• **Task to carry out**
Below are records to repeat exactly; copy them without the pictures.

• **Records for this task**
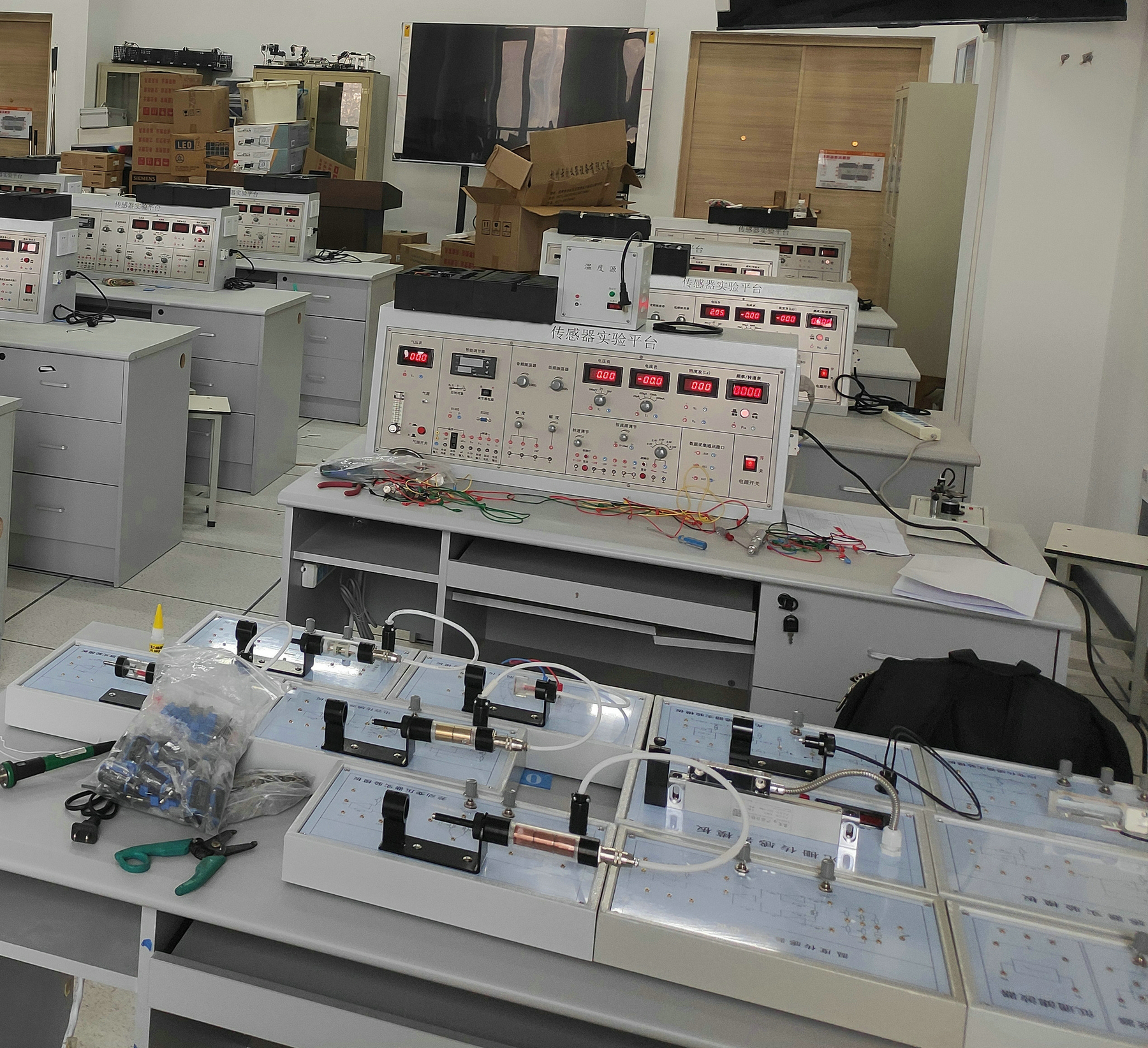傳感器實(shí)驗(yàn)平臺(tái)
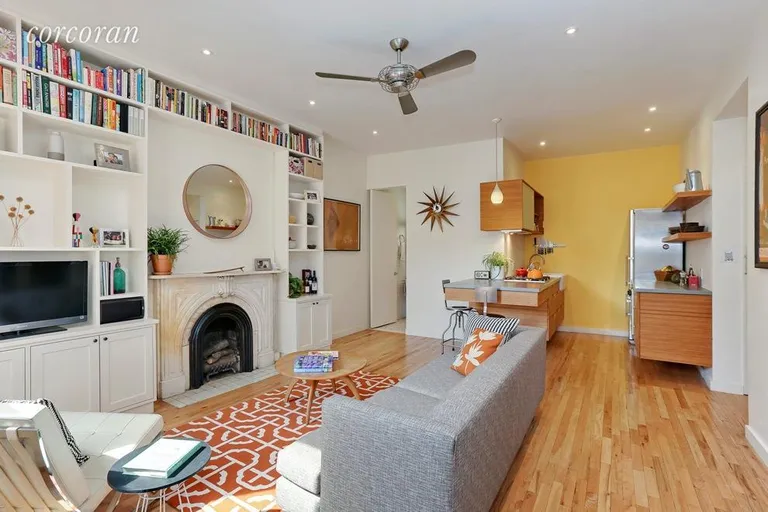 New York City Real Estate | View 21 South Portland Ave, 2R | room 2 | View 3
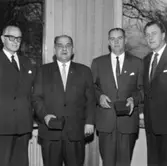 Utdelning av minnesgåvor till fd. barvagnsförare?? på Papyrus, den 8/12-1961.
Överingenjör William Tibell, Valter Carlsson, Ragnar Olsson, Thure Nilsson (Ordförande i 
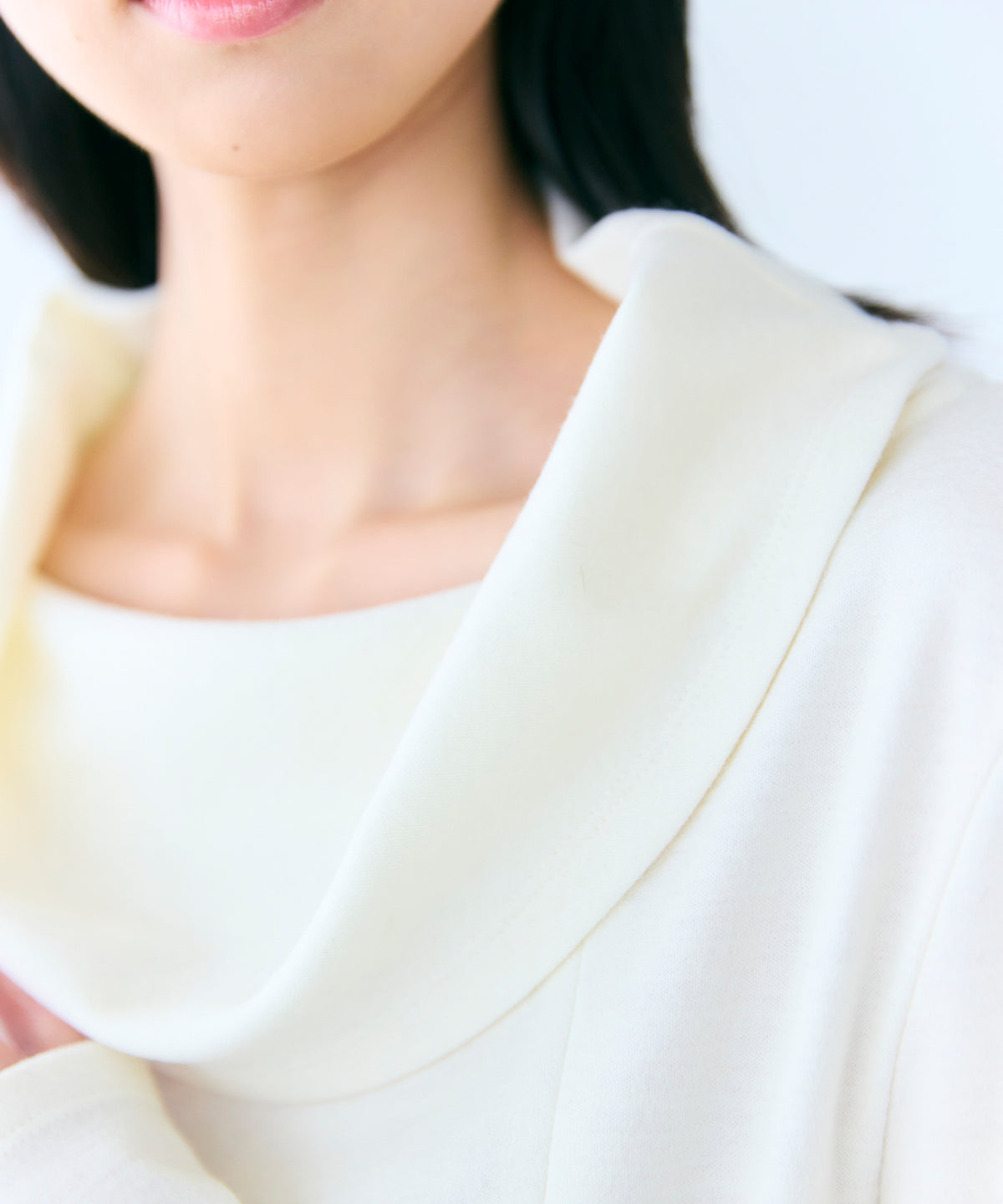 WOOL JERSEY / NUANCE DRAPED NECK JERSEY BLOUSE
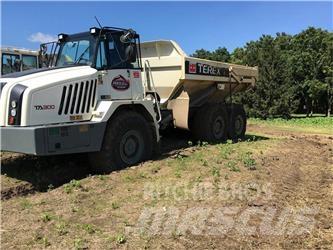 Terex TA300 鉸接式起吊車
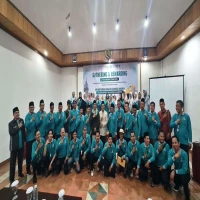 Keren! Rizma Tour Berikan Hadiah Umroh bagi Agen Berprestasi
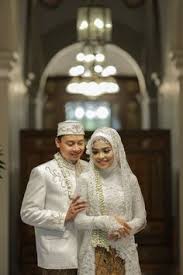 .sunda, cantik baju pengantin adat sunda photograph below, is section of baju pengantin adat sunda publishing which is arranged within gaun belum mutiara, payet dan tetekbengeknya lah. Adey Suhendra Dey1226 Profile Pinterest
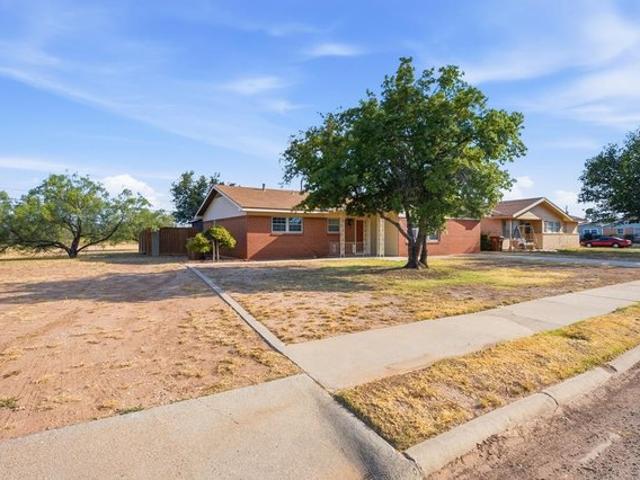 House for sale in Howard, Texas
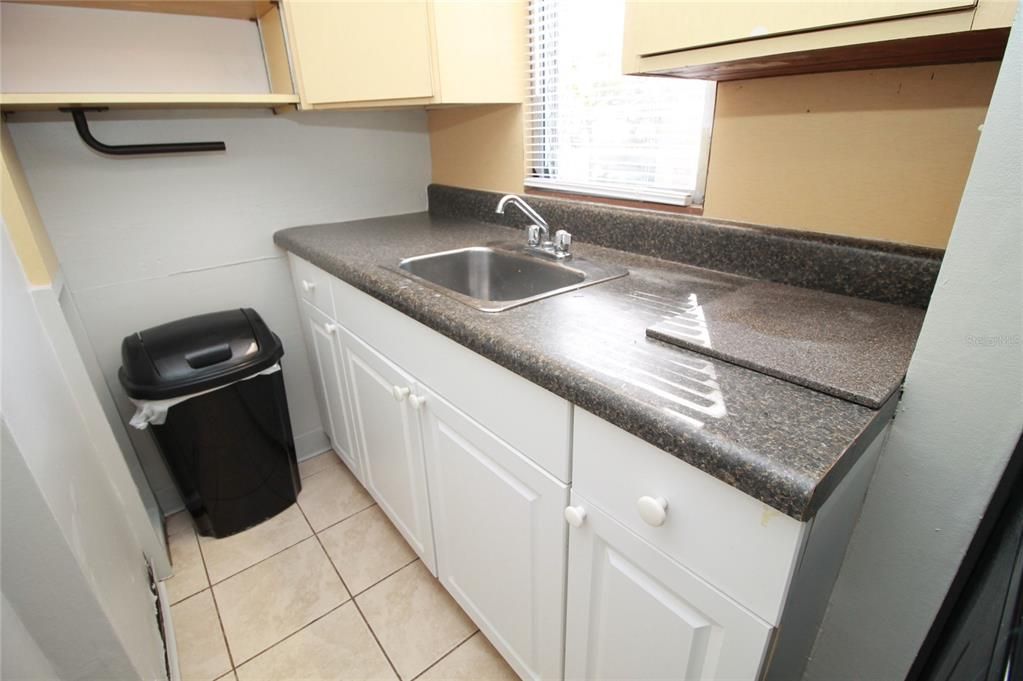 For Rent: $850 (1 beds, 1 baths, 230 Square Feet)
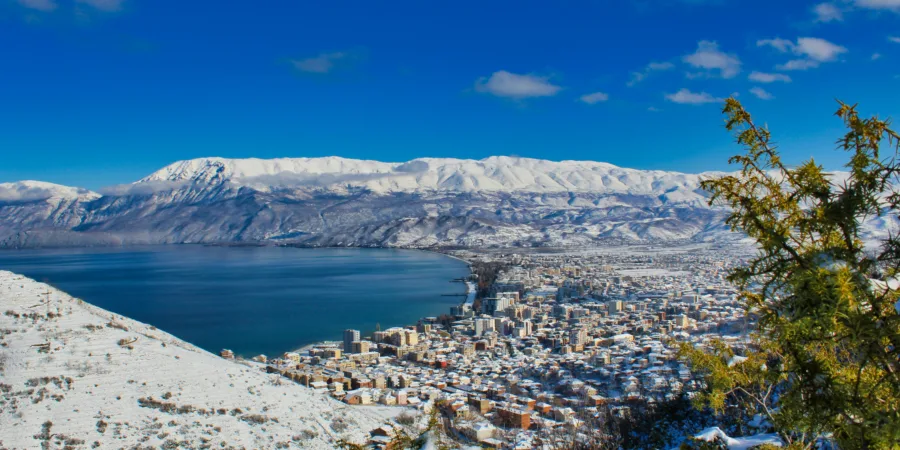 vue aerienne de la ville pres dun plan deau pendant la journee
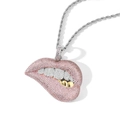 Pendentif lèvres hip hop avec zircons roses et grillz dorés sur une chaîne de corde - Lèvres Roses Avec Chaîne Torsadée En Acier Inoxydable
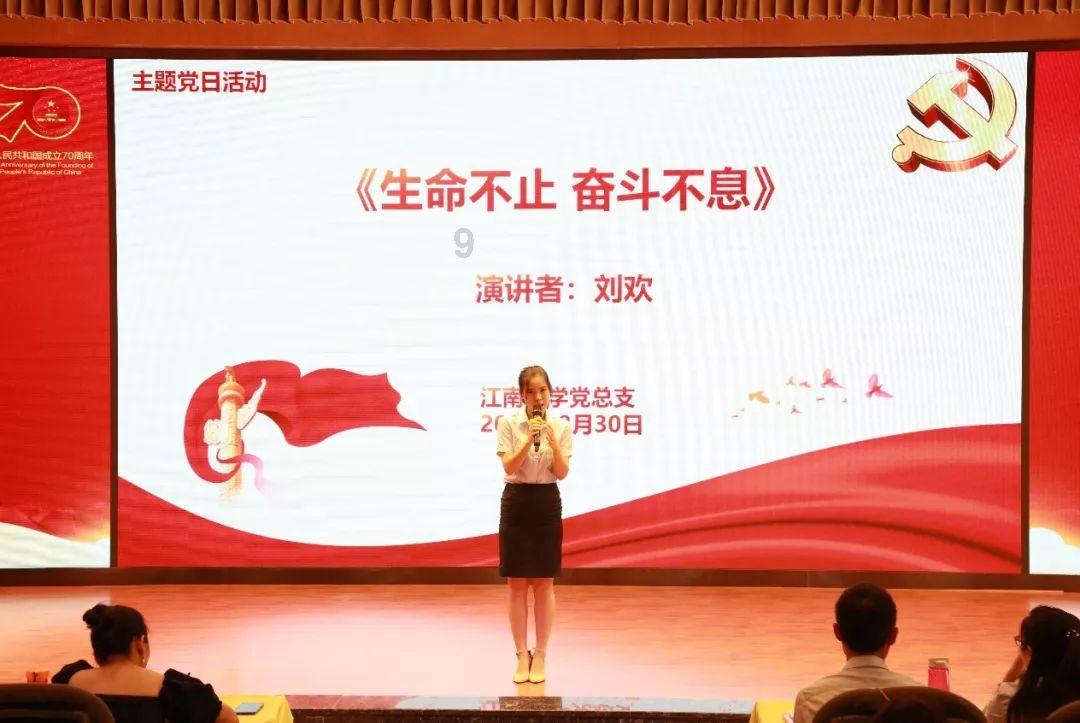 男的说我需要爱怎么回复？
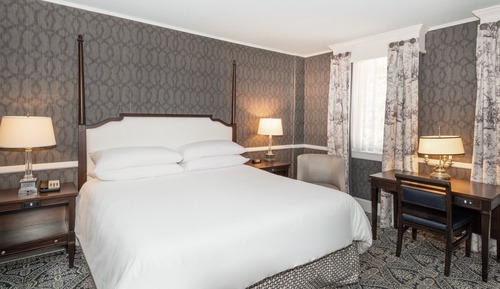 Room, 1 King Bed (Robert Johnson Pure Wellness Room)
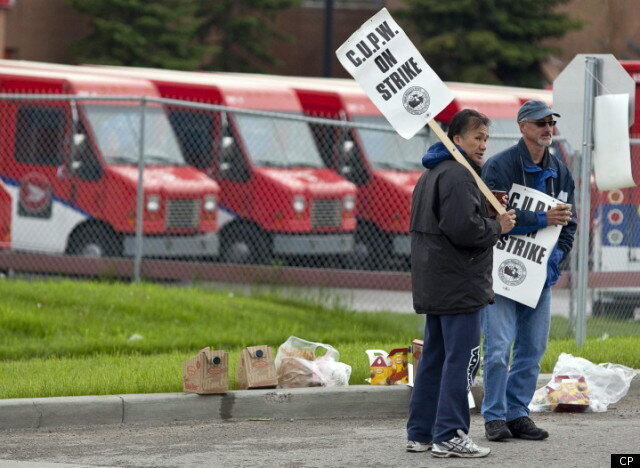 Striking Canada Post Workers Seek Public Support | HuffPost Null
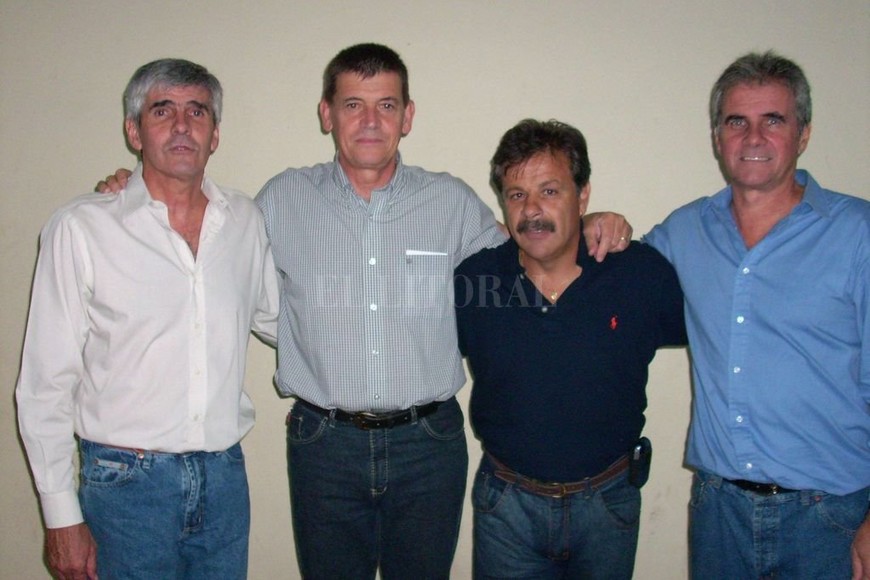 ELLITORAL_306224 |  Archivo El Litoral Los hermanos Zanabria (Ramón y Mario) en los dos costados, con el  Patón  Rossi e Hilario Bravi en el medio. Los Zanabria formaron parte del plantel que ascendió en 1968.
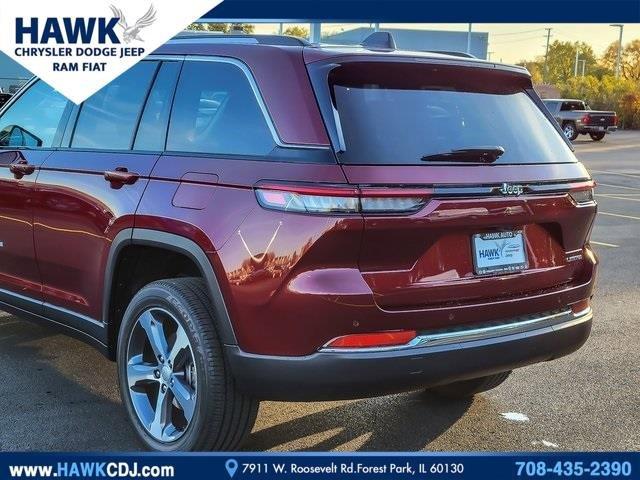 2023 Jeep Grand Cherokee Vehicle Photo in Saint Charles, IL 60174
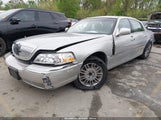 LINCOLN TOWN CAR SIGNATURE LIMITED 2LNHM82V98X652123 photo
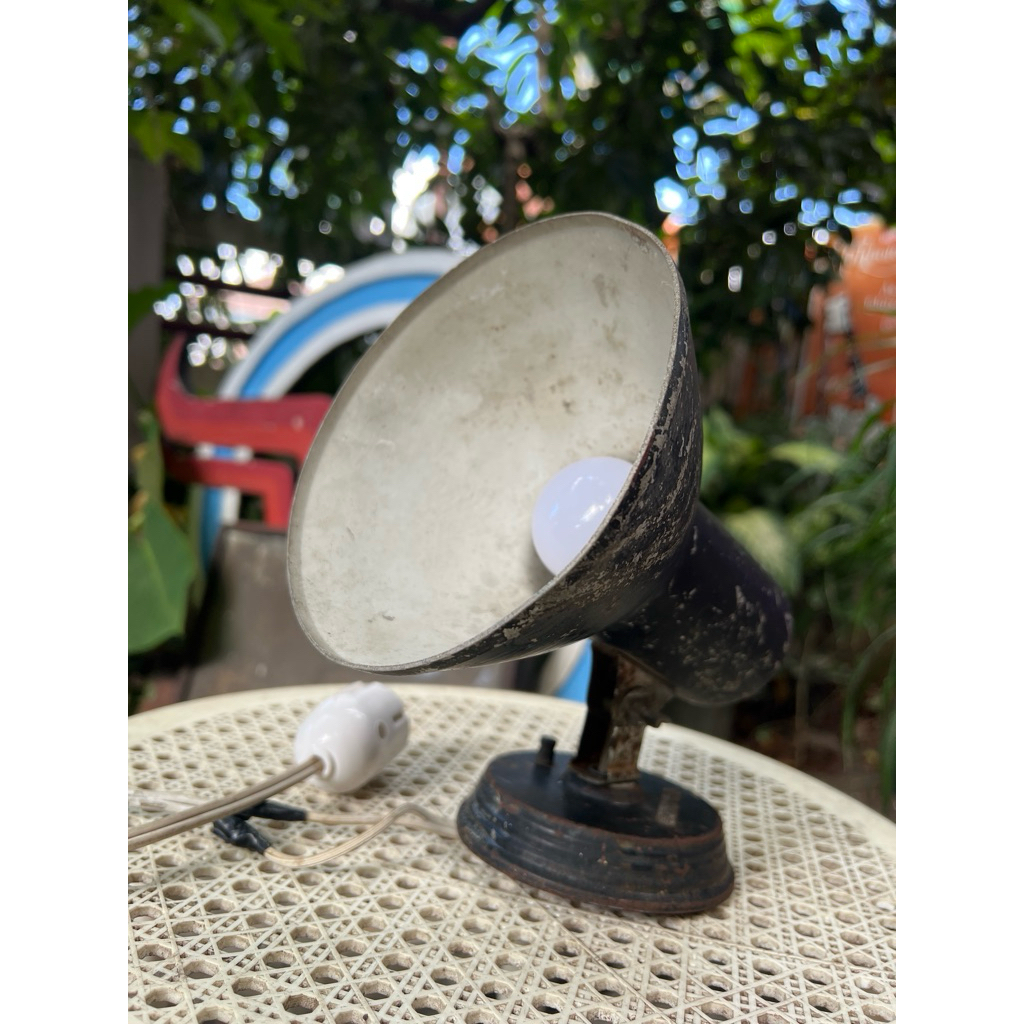 Industrial Desk Lamp / Lampu Meja Tema Industrial Sederhana Jadul Lawasan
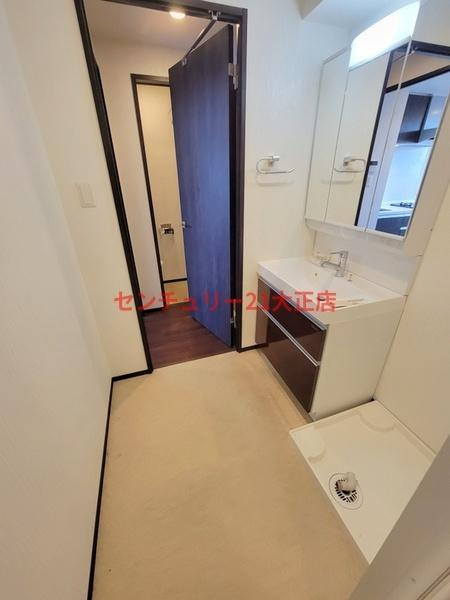 プレジオ弁天町EUROの玄関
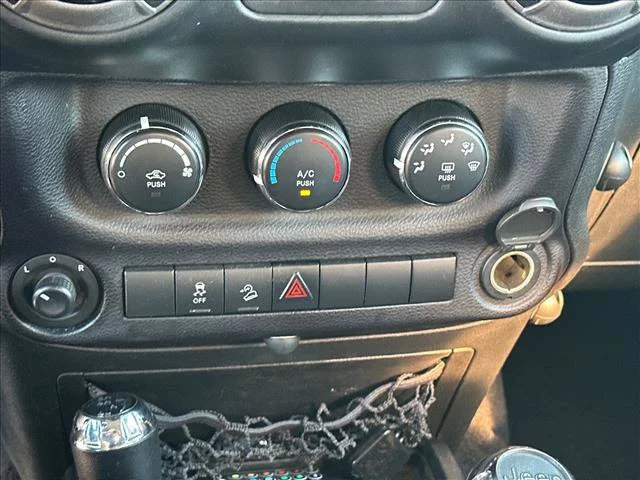 2016 Jeep Wrangler Sport S - Photo 28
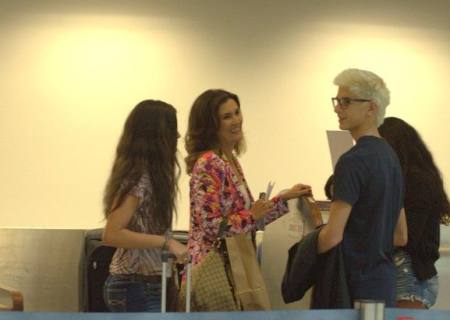 Filho de Fátima Bernardes aparece com visual platinado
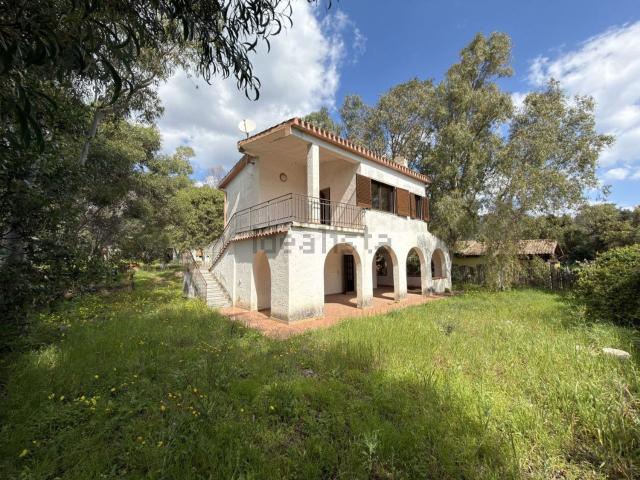 Villetta indipendente in vendita di 190 m² in Via Mar di Sardegna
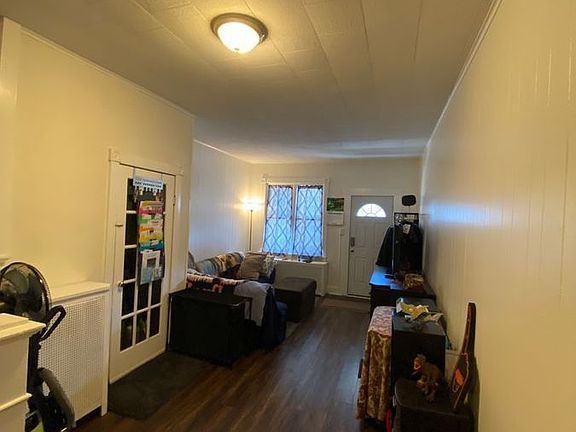 5th image of 1608 Newport Ave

• **Exercise response**
傳感器實(shí)驗(yàn)平臺(tái)
 New York City Real Estate | View 21 South Portland Ave, 2R | room 2 | View 3
 Utdelning av minnesgåvor till fd. barvagnsförare?? på Papyrus, den 8/12-1961.
Överingenjör William Tibell, Valter Carlsson, Ragnar Olsson, Thure Nilsson (Ordförande i 
 WOOL JERSEY / NUANCE DRAPED NECK JERSEY BLOUSE
 Terex TA300 鉸接式起吊車
 Keren! Rizma Tour Berikan Hadiah Umroh bagi Agen Berprestasi
 .sunda, cantik baju pengantin adat sunda photograph below, is section of baju pengantin adat sunda publishing which is arranged within gaun belum mutiara, payet dan tetekbengeknya lah. Adey Suhendra Dey1226 Profile Pinterest
 House for sale in Howard, Texas
 For Rent: $850 (1 beds, 1 baths, 230 Square Feet)
 vue aerienne de la ville pres dun plan deau pendant la journee
 Pendentif lèvres hip hop avec zircons roses et grillz dorés sur une chaîne de corde - Lèvres Roses Avec Chaîne Torsadée En Acier Inoxydable
 男的说我需要爱怎么回复？
 Room, 1 King Bed (Robert Johnson Pure Wellness Room)
 Striking Canada Post Workers Seek Public Support | HuffPost Null
 ELLITORAL_306224 |  Archivo El Litoral Los hermanos Zanabria (Ramón y Mario) en los dos costados, con el  Patón  Rossi e Hilario Bravi en el medio. Los Zanabria formaron parte del plantel que ascendió en 1968.
 2023 Jeep Grand Cherokee Vehicle Photo in Saint Charles, IL 60174
 LINCOLN TOWN CAR SIGNATURE LIMITED 2LNHM82V98X652123 photo
 Industrial Desk Lamp / Lampu Meja Tema Industrial Sederhana Jadul Lawasan
 プレジオ弁天町EUROの玄関
 2016 Jeep Wrangler Sport S - Photo 28
 Filho de Fátima Bernardes aparece com visual platinado
 Villetta indipendente in vendita di 190 m² in Via Mar di Sardegna
 5th image of 1608 Newport Ave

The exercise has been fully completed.